Wednesday, September 15, 2010

...then it isn't

I continue my previous post with some more experiments and a roundup.

What was left out

In my last set of measurements, I left out the most important test. I wanted to see whether there was a threshold of the ratio of serial scans over random accesses where there would be a flip of the performance characteristics of my two implementations. Let me remind you here that the mixed test I performed previously gave a 1/7 probability of a serial scan (of random length and starting point) and the rest 6/7 to a random operation at a random position.

The test

The code this time was this:
for(int i = 0; i < RAND_ITERS; i++) {
size = theArray.size();
double op = rng.nextDouble();

if (op <= SERIAL_SCAN_PROB) {
int start = nextRandomIndex(dist, size);
int length = (int)(rng.nextInt(size - start));
for(int j = 0; j < length; j++) {
theArray.getFirst(j+start);
theArray.getSecond(j+start);
}
} else {
op = rng.nextDouble();
if (op < 0.2) {
theArray.getFirst(nextRandomIndex(dist, size));
} else if (op < 0.3) {
theArray.getSecond(nextRandomIndex(dist, size));
} else if (op < 0.4) {
theArray.setFirst(nextRandomIndex(dist, size), rng.nextInt());
} else if (op < 0.5) {
theArray.setSecond(nextRandomIndex(dist, size), rng.nextInt());
} else if (op < 0.7) {
theArray.add(rng.nextInt(), rng.nextInt());
} else {
theArray.remove(rng.nextInt(size));
}
}
}

The value of SERIAL_SCAN_PROB is what interests us here. Since I wanted to see the effects of caching, I settled to a specific size for the arrays that, based on my previous findings, was chosen as 5M elements. As before, all experiments where done with three access distributions, a ~Uni(0,size), a ~N(0.5, 0.1) and a ~N(0.5, 0.0001). RAND_ITERS was 1K and the whole test was run 20 times for each of the two structures. My hardware setup was the one I used last time.


The numbers

As before, no listing of boring data. If for any reason you want them, ask and you shall receive. The same goes for the code. Here are the graphs:






First off, the serial scans are the most time consuming of the operations, so it is normal the more are performed the more time is needed for each iteration of the test. Next, let's note that overall, the more localized the scans (in the order of the graphs), the more there is a difference in performance between the implementations.

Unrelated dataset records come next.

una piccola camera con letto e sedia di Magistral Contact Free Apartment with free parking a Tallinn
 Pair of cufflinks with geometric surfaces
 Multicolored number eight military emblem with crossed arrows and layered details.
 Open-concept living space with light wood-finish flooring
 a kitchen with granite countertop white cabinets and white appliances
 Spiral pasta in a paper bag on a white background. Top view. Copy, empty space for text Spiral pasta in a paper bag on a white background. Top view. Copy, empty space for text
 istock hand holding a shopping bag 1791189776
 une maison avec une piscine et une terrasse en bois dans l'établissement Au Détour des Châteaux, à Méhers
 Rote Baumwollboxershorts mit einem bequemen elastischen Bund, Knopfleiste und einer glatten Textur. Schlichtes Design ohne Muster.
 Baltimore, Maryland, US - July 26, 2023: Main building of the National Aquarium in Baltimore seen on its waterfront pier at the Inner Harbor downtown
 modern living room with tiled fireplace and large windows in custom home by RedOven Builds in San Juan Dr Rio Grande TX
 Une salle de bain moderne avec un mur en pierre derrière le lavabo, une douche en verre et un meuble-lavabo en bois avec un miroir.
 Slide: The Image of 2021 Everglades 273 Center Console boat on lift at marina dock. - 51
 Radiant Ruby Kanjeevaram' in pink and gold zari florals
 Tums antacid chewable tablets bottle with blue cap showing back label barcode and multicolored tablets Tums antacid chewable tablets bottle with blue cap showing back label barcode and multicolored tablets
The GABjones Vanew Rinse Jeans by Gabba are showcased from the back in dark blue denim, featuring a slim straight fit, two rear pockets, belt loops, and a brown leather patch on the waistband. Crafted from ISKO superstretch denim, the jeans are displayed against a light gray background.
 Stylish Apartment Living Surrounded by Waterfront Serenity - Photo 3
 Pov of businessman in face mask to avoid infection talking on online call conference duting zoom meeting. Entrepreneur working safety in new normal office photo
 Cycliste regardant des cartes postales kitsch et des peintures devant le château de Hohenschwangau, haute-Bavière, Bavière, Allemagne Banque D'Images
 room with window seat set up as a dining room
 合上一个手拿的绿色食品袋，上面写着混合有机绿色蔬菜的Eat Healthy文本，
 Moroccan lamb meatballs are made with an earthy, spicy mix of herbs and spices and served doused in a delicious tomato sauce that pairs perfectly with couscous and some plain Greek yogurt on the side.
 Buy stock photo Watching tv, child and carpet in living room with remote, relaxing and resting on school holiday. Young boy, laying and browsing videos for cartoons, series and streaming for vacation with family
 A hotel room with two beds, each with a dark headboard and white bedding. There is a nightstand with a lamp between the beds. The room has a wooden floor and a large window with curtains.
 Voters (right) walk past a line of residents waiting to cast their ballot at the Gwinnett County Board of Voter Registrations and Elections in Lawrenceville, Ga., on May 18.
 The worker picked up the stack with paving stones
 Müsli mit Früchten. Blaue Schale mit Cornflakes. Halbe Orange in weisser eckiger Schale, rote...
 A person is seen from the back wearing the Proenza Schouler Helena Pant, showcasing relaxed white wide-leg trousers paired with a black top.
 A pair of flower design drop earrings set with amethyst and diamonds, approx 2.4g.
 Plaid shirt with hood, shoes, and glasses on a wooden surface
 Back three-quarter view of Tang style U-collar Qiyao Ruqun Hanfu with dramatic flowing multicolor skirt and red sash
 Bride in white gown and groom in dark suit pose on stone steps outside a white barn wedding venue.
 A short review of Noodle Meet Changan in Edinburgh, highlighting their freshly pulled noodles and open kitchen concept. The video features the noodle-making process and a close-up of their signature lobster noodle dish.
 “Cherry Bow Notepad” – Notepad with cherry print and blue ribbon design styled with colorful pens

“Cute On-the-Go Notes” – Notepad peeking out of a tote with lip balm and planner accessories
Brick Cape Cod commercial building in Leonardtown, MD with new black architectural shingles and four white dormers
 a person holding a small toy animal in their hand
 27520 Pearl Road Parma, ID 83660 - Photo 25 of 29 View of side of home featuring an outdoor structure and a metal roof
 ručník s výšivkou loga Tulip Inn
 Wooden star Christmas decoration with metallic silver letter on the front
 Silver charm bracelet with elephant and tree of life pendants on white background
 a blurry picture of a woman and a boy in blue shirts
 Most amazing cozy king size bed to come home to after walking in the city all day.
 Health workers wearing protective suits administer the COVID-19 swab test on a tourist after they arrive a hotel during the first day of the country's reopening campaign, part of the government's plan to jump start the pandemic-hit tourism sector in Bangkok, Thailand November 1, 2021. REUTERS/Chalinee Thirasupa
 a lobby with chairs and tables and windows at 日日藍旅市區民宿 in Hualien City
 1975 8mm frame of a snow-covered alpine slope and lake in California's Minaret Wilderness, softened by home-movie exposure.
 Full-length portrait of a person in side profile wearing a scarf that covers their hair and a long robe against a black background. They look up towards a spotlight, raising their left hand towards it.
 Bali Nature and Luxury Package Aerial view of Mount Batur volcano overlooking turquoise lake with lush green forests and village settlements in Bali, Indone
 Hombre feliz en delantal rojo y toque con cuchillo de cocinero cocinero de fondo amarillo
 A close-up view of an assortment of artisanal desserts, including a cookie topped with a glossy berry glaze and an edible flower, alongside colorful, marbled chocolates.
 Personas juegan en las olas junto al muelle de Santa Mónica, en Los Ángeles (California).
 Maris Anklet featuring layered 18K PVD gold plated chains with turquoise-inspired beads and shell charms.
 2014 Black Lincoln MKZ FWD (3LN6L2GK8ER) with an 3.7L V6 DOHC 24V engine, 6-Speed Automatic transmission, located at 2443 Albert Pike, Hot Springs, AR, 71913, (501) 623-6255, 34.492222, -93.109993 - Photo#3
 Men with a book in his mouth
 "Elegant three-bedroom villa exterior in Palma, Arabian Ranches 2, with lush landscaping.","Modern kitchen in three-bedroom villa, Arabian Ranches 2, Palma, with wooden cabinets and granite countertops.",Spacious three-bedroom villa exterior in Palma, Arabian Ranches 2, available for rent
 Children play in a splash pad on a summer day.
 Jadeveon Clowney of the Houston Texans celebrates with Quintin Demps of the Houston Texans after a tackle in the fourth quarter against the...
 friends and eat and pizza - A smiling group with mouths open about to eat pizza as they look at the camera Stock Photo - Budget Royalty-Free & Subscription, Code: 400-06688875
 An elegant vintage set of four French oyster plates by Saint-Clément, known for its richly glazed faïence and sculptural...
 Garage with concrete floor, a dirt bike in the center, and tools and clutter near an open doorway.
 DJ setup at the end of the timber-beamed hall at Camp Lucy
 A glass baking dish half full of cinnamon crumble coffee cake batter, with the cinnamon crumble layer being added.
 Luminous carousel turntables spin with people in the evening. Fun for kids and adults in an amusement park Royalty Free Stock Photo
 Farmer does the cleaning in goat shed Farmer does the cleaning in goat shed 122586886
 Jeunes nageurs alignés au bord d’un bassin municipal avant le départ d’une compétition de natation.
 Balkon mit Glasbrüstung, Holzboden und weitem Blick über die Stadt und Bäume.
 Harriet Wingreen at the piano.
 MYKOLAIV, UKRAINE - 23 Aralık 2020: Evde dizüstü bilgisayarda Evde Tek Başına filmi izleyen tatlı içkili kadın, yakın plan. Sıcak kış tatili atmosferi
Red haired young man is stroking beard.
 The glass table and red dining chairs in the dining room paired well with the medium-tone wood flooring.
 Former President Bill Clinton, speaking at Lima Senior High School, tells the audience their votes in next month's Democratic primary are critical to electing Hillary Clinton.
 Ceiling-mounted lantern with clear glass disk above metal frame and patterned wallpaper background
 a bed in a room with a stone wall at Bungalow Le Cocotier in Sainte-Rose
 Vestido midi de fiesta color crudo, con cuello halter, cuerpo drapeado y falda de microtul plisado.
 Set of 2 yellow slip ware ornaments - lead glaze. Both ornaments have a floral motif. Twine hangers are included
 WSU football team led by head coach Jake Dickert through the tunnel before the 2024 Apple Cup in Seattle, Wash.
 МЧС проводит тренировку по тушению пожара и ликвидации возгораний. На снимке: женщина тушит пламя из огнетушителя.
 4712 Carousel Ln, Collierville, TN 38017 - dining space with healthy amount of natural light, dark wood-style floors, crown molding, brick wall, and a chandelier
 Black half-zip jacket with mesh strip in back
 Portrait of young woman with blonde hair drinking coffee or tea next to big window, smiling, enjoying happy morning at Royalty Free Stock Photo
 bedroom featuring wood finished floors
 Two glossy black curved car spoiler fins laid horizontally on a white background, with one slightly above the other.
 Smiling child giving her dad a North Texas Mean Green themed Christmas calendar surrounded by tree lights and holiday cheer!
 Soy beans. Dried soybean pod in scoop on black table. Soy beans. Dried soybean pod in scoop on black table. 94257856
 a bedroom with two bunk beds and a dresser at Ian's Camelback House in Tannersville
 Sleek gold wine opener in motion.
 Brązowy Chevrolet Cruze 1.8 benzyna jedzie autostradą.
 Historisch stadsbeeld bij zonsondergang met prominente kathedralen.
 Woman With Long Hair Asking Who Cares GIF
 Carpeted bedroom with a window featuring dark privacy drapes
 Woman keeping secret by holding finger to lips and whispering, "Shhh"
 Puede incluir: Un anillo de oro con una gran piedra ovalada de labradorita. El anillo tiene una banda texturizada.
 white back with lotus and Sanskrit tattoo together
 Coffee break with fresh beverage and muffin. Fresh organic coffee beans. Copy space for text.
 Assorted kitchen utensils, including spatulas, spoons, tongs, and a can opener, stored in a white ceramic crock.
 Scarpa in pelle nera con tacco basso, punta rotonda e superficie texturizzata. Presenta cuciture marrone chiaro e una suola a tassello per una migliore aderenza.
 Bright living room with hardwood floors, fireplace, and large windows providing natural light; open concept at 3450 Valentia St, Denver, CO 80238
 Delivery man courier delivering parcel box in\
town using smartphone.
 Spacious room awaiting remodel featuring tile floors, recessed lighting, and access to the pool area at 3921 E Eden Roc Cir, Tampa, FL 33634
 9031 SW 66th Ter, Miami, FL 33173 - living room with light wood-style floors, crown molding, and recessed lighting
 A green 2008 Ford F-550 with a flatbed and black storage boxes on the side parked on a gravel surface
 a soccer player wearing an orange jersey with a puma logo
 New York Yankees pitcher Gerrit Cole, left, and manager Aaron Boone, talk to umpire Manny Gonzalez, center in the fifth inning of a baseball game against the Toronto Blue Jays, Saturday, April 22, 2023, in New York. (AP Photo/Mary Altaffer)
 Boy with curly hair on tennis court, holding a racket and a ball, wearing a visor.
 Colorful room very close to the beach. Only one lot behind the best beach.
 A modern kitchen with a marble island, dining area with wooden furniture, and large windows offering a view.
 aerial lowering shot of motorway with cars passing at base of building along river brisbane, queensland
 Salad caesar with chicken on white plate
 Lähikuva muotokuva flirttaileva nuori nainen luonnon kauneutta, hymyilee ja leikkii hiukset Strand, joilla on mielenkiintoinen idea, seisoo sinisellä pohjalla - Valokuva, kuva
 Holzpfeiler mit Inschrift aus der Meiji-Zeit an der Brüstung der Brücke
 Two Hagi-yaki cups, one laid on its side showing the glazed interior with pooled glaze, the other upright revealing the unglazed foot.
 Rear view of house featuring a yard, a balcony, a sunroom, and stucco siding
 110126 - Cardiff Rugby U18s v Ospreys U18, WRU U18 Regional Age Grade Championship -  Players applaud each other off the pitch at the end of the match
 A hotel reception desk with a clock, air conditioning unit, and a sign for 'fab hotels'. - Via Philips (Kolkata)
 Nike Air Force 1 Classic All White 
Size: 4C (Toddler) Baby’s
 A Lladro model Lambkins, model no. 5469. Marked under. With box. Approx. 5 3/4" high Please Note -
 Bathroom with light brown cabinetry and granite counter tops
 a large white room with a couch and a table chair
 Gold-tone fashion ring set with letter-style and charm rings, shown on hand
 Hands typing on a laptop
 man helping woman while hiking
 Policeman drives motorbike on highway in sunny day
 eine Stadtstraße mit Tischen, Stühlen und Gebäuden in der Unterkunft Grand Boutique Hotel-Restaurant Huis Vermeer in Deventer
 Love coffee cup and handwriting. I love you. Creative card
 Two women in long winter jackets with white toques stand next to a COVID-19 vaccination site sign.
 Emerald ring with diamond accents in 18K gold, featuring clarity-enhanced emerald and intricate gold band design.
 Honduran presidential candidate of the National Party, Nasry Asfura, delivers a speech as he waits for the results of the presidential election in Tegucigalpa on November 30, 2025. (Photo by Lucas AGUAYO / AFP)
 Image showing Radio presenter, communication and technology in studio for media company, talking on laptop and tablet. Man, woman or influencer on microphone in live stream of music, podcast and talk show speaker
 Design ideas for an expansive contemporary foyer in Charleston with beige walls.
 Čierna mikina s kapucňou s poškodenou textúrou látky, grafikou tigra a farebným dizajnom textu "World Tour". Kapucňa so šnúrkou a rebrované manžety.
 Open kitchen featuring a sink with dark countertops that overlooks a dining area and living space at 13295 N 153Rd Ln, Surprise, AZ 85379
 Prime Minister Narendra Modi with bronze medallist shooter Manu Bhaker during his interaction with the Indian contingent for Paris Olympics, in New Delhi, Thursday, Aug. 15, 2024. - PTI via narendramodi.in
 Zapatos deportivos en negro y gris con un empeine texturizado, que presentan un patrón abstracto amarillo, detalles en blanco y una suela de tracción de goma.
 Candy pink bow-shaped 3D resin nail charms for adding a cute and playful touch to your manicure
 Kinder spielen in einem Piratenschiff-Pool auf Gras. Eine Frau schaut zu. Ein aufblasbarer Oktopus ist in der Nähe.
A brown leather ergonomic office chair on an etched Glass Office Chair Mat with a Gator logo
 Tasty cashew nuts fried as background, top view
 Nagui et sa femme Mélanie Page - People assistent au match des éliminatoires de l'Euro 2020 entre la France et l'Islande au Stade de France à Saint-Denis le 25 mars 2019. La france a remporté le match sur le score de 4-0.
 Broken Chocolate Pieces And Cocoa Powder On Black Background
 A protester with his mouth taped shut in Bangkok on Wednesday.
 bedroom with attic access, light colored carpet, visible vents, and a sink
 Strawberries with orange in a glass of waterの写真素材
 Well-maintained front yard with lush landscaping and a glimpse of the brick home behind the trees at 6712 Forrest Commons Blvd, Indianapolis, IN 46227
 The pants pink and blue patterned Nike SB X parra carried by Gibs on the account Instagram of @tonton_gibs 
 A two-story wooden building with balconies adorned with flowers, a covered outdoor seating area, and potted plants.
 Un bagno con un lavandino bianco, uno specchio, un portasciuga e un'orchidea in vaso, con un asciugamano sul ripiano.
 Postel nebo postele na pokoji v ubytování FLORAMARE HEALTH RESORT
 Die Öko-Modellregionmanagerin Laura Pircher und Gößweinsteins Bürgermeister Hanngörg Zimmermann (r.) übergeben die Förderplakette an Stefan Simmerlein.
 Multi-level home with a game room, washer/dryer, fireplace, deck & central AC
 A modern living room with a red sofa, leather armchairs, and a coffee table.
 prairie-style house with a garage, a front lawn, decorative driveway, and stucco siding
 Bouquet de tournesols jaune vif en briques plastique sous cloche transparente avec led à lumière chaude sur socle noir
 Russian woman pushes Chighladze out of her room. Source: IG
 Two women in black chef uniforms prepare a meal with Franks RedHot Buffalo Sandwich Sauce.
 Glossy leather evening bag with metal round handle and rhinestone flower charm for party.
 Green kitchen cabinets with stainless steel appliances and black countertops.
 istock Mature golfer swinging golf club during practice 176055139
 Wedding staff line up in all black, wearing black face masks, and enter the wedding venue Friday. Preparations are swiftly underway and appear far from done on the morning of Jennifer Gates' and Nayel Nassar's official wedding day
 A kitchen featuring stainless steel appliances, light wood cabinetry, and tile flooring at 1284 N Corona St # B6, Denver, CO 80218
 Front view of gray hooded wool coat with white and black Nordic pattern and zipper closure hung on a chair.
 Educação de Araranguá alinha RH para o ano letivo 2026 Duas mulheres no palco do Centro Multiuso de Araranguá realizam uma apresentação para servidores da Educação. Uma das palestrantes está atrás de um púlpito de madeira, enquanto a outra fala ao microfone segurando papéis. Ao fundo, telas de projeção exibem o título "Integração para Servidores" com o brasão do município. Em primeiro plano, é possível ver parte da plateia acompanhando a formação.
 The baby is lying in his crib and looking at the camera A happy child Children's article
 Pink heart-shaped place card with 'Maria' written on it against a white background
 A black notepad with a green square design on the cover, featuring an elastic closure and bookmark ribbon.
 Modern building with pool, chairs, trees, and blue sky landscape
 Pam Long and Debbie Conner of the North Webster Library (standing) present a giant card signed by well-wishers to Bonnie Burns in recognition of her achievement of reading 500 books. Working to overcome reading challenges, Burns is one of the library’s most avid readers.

This is not because SingleArray does worse (note that its performance is more or less steady) but because DoubleArray is performing better. The more localized the operations, the better DoubleArray performs. However, there is no more random way to access an array other than a Uniform distribution, so only in this scenario can the single array implementation compete. Finally, more importantly but less interestingly, DoubleArray performs marginally better in all cases.

Conclusion

I think there are no more realistic tests to do here. There are marginal cases that I would like to test and find if the single array implementation dominates, but they are not important right now. What comes next is my library and, after all this, I will implement it with a double array backing store.

EDIT

I did a similar experiment with a backing store of two parallel linked integer lists (not Integer objects). Even @1M elements, the random start serial reads test hadn't finished after 1.5h of 100% CPU. I killed it. 'nuff said.